The site also previously held 1833 summit meeting Munichgrätz Conference.

==Events==
Having lost the engagements at Hühnerwasser and Podol, and with the Prussian Elbe Army and 1st Army bearing in on them from the west and the north, Clam-Gallas and his ally, Prince Albert of Saxony, decided to have the Iser Army abandon its exposed position near Mnichovo Hradiště. While three Austrian brigades, under Count Leiningen, remained to slow the Prussian pursuit, Clam-Gallas sent Ringelsheims's and Poschacher's brigades east towards Jičín, while the five Saxon brigades marched south to Jungbunzlau. Leiningen deployed his Jäger units in town and posted the line regiments from his own brigade across the Jizera river in Klaster, Piret's brigade deployed on Musky Hill, and Abele's brigade drew up in battalion columns on the road from Podol.

The Prussian 31st Brigade, part of the Elbe Army, started the battle and attacked Klaster making the 38th Austrian Regiment, consisting out of Venetians, to rapidly abandon their position on the hill. In the north, Prince Frederick Charles attacked the north side of Musky Hill with his Prussian 8th Division, under Horn, where they encountered Piret and Abele, while the Prussian 7th Division, under Fransecky, marched through the morass behind the heights to cut the Austrian communication lines to Mnichovo Hradiště and Jičín. Seeing the danger of being encircled, Leiningen ordered his brigade to withdraw from the town. The Prussians of the Elbe Army then occupied the town and, being thirsty and hungry from the long march, abandoned formation to sack the town and drink at the local brewery.

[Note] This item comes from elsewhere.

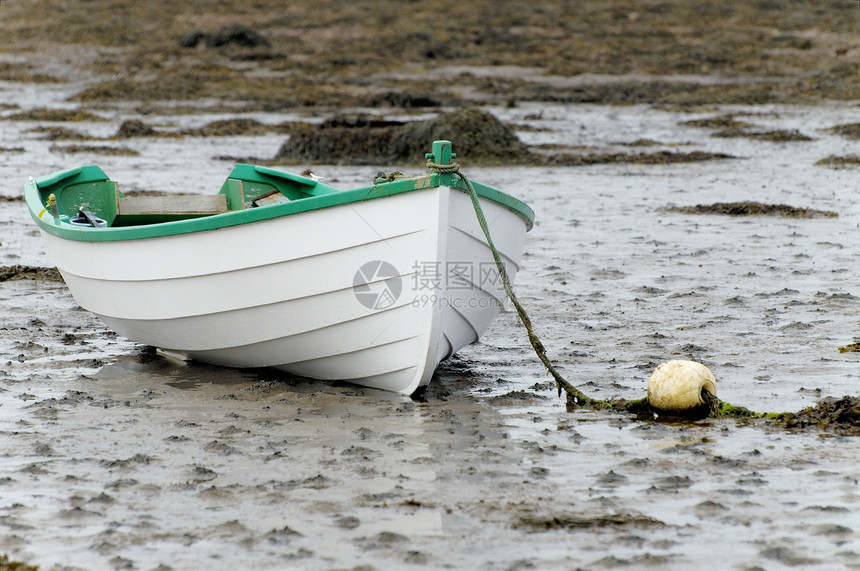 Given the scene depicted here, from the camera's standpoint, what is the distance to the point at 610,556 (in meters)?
4.41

Abele's brigade held long enough on the slopes of the hill for Leiningen and Piret to untangle and the Austrian brigades escaped to the east, leaving some 3,000 men in killed, wounded and prisoners. The Prussians, having only engaged with 14 battalions, only lost about 300 men, but managed to link up their two armies and drive the Austrians and their Saxon allies out of their Iser line.